## TASK GOAL
Every line below must be given again exactly.

## GIVEN DATA
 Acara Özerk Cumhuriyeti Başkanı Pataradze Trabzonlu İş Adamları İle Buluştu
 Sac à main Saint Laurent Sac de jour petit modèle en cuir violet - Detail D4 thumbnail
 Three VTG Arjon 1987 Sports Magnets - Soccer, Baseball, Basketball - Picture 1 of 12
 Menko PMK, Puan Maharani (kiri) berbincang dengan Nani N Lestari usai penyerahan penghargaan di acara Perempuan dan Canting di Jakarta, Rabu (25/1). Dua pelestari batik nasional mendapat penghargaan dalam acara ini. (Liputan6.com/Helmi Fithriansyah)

## EXERCISE RESULT
 Acara Özerk Cumhuriyeti Başkanı Pataradze Trabzonlu İş Adamları İle Buluştu
 Sac à main Saint Laurent Sac de jour petit modèle en cuir violet - Detail D4 thumbnail
 Three VTG Arjon 1987 Sports Magnets - Soccer, Baseball, Basketball - Picture 1 of 12
 Menko PMK, Puan Maharani (kiri) berbincang dengan Nani N Lestari usai penyerahan penghargaan di acara Perempuan dan Canting di Jakarta, Rabu (25/1). Dua pelestari batik nasional mendapat penghargaan dalam acara ini. (Liputan6.com/Helmi Fithriansyah)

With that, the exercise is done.